- [WORK REQUIRED]:
Among the entries that follow, find every line with the word "Gris" and copy it.

- [RECORDS FOR THE TASK]:
Content starts
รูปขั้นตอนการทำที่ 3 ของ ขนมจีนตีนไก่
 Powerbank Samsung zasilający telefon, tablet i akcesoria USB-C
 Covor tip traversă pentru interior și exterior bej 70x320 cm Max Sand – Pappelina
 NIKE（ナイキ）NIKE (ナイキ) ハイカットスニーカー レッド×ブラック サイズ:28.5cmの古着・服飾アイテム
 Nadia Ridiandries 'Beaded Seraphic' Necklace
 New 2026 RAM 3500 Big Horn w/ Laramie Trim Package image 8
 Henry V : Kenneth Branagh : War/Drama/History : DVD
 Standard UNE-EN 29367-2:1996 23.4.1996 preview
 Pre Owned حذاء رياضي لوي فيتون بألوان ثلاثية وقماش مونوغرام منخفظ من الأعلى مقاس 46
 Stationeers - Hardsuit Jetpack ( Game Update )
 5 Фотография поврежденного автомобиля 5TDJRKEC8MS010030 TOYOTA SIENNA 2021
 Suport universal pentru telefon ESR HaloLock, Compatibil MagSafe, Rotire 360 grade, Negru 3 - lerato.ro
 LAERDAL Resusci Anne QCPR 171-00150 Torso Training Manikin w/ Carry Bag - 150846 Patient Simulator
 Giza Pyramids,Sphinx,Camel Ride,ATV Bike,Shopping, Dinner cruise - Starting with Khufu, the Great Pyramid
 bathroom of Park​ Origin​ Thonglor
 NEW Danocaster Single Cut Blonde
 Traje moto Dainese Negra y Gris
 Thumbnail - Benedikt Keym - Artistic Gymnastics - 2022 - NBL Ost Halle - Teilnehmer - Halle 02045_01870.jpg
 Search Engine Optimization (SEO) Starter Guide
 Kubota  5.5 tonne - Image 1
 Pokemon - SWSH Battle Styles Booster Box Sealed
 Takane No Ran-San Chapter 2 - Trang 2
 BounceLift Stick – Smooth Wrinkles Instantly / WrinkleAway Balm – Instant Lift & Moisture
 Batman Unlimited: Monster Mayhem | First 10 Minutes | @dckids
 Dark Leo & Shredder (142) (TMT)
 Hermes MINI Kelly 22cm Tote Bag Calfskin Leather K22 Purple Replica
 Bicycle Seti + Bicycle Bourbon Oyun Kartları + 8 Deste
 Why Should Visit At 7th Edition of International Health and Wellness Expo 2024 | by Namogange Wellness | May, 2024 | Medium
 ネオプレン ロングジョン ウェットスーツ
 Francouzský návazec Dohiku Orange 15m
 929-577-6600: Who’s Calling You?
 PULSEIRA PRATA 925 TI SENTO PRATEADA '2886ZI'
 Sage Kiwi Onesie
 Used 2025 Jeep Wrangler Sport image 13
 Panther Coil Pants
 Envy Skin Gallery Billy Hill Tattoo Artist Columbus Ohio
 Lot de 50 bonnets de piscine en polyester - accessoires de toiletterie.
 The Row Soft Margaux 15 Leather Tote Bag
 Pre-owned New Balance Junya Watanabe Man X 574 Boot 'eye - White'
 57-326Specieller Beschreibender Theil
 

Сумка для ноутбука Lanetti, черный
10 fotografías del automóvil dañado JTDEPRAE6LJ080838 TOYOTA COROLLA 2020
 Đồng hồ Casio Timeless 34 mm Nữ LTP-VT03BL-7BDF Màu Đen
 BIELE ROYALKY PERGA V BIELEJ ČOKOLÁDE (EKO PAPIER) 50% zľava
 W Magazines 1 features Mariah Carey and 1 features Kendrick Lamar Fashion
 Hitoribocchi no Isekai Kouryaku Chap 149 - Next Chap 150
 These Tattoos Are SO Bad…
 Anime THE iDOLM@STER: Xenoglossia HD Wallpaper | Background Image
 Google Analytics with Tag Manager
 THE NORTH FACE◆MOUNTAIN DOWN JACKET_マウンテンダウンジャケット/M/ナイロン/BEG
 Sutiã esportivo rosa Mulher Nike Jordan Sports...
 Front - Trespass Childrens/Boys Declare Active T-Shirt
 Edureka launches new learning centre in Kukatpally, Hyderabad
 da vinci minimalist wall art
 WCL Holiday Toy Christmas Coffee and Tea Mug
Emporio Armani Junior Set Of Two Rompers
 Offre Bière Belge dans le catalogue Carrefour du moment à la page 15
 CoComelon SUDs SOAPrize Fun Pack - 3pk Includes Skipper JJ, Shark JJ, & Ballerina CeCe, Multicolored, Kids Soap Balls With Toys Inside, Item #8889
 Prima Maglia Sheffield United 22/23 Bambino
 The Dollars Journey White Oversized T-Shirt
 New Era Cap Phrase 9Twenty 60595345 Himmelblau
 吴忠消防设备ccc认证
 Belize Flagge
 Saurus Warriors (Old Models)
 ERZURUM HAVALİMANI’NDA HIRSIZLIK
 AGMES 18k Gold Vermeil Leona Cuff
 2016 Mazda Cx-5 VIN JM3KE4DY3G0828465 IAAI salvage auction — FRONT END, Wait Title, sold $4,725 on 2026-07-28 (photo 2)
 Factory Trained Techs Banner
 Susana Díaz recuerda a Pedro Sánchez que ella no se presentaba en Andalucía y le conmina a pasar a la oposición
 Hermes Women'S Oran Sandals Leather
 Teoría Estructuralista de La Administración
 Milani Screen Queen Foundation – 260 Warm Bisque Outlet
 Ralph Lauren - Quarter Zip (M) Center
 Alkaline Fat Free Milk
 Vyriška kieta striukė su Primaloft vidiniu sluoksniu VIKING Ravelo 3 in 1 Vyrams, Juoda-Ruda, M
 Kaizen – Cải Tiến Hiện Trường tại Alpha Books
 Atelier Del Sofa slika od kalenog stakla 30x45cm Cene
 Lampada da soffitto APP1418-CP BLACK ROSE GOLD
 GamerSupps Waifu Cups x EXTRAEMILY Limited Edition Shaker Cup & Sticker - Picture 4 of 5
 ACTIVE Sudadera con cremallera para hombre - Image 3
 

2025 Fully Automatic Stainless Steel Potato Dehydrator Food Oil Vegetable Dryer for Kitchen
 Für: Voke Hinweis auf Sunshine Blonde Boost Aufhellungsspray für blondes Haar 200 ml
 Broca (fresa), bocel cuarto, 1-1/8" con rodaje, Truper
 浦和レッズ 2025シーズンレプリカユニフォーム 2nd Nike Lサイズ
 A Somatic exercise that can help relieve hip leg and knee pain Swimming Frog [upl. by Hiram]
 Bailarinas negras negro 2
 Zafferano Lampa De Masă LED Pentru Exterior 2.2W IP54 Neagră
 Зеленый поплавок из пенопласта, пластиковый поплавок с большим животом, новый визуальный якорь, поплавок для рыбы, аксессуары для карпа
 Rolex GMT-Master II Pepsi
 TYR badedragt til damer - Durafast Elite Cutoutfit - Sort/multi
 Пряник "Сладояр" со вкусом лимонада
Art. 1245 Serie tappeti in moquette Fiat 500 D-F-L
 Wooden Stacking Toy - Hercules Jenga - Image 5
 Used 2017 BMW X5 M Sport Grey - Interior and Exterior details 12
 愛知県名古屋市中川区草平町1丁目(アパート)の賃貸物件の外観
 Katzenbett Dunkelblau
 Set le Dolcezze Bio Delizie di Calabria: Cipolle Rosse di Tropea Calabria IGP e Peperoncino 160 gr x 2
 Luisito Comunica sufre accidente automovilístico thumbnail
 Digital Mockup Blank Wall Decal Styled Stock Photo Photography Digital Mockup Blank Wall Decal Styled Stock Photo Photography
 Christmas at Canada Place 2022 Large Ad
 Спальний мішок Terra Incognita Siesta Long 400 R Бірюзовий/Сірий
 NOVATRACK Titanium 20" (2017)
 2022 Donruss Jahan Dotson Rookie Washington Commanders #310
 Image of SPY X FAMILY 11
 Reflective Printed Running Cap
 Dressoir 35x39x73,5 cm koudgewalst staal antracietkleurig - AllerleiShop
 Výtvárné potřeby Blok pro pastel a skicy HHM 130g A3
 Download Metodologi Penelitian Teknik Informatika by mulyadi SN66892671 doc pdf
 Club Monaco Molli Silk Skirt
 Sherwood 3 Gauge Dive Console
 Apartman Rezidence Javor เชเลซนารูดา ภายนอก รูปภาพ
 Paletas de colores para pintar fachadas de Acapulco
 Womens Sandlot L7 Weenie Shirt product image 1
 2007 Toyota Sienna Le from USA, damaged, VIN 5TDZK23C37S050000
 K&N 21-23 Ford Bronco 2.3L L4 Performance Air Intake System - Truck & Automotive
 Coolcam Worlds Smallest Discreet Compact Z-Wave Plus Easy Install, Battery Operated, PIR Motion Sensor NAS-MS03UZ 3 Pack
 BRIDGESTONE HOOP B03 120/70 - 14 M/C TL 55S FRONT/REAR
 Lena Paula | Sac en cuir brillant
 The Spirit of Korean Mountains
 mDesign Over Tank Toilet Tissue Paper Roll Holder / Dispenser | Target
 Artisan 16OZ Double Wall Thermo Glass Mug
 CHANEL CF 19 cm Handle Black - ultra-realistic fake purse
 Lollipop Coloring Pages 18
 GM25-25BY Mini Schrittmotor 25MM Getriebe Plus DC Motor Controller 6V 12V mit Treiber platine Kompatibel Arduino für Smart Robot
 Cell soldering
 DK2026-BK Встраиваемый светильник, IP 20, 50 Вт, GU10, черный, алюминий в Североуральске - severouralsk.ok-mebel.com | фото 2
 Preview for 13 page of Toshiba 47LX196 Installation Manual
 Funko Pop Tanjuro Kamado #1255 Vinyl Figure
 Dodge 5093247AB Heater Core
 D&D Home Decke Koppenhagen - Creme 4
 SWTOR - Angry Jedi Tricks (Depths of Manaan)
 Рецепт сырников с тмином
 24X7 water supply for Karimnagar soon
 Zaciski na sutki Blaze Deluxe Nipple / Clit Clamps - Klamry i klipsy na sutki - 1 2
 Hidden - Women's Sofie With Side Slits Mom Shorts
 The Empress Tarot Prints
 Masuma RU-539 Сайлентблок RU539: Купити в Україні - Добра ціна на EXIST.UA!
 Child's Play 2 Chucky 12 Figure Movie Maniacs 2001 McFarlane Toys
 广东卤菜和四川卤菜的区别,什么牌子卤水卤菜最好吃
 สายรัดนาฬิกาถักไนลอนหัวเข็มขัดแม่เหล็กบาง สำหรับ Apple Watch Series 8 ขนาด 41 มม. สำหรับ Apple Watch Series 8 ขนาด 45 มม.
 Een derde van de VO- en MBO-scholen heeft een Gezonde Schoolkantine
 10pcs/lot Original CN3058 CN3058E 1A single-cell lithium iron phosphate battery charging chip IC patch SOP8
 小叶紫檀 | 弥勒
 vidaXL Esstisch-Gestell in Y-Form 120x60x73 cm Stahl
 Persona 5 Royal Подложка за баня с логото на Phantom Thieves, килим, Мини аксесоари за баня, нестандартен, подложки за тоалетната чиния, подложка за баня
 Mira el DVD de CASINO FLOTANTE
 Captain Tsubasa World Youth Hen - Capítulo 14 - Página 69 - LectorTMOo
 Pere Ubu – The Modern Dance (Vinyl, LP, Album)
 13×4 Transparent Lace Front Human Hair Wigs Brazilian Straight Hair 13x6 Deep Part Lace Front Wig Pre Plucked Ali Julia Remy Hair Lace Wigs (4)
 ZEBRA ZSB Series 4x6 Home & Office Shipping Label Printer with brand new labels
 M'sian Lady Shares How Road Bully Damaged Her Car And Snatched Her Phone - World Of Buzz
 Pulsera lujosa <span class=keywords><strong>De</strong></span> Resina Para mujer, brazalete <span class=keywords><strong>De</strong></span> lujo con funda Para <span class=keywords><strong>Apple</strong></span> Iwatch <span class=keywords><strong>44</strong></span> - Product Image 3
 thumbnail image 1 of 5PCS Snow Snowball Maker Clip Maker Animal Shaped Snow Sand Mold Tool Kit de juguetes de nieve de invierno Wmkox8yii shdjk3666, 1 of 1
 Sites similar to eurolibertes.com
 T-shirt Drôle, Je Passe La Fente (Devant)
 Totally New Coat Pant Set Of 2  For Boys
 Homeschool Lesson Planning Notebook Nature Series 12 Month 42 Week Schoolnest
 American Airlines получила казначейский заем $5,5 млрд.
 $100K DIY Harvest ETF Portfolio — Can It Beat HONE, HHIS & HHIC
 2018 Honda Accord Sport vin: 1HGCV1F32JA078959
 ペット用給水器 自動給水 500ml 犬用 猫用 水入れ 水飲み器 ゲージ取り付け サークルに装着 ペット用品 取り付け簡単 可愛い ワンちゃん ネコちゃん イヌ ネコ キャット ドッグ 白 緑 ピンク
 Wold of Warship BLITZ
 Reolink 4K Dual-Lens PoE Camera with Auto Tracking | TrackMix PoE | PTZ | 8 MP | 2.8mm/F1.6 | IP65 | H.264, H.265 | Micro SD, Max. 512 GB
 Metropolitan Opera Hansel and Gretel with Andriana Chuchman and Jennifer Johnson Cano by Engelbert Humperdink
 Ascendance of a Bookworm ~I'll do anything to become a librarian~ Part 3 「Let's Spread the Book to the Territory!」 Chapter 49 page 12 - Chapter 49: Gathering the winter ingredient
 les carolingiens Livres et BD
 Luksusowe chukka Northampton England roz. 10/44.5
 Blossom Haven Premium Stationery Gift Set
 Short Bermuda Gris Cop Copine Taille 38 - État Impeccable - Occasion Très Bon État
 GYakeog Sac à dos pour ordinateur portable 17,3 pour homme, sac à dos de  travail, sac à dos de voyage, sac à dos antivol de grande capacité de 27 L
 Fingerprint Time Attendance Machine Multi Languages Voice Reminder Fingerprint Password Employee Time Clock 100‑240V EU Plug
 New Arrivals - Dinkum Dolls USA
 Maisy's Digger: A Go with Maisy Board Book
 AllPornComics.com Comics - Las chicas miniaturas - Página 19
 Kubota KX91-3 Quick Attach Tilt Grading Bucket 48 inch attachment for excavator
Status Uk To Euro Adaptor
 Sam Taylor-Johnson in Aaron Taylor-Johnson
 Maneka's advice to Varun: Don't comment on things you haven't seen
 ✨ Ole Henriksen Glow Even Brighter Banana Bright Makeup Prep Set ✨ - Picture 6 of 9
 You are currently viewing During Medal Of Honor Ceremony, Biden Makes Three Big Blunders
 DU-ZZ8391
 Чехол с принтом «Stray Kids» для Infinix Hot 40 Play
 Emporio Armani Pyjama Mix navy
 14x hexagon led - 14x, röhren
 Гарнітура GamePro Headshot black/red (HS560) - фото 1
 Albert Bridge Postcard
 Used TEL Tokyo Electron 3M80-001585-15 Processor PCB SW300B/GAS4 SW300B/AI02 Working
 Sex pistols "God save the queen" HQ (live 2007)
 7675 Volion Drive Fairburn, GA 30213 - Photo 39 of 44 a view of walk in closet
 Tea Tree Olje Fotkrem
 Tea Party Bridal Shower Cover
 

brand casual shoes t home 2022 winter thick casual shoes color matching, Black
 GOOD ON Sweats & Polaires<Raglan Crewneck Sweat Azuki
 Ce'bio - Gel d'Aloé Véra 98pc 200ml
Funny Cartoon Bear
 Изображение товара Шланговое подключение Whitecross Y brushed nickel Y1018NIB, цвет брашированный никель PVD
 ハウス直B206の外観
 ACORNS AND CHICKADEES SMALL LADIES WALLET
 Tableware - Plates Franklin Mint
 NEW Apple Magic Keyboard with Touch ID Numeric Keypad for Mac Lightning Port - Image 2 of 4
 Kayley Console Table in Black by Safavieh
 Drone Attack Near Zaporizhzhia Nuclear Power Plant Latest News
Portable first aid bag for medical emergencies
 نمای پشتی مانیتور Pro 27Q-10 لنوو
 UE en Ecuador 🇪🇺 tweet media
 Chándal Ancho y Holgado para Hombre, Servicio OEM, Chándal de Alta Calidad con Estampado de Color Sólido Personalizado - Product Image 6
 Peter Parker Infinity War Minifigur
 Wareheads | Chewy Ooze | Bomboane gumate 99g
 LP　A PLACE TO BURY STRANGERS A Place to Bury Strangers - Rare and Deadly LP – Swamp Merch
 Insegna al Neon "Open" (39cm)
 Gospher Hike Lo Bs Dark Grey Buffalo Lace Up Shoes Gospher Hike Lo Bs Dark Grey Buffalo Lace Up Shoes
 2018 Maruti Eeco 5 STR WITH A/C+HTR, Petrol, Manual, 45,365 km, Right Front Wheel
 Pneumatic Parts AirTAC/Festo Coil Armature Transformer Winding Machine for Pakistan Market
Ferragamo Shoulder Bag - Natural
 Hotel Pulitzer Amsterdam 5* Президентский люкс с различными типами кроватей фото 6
Content ends
- [EXERCISE ANSWER]:
 Traje moto Dainese Negra y Gris
 Short Bermuda Gris Cop Copine Taille 38 - État Impeccable - Occasion Très Bon État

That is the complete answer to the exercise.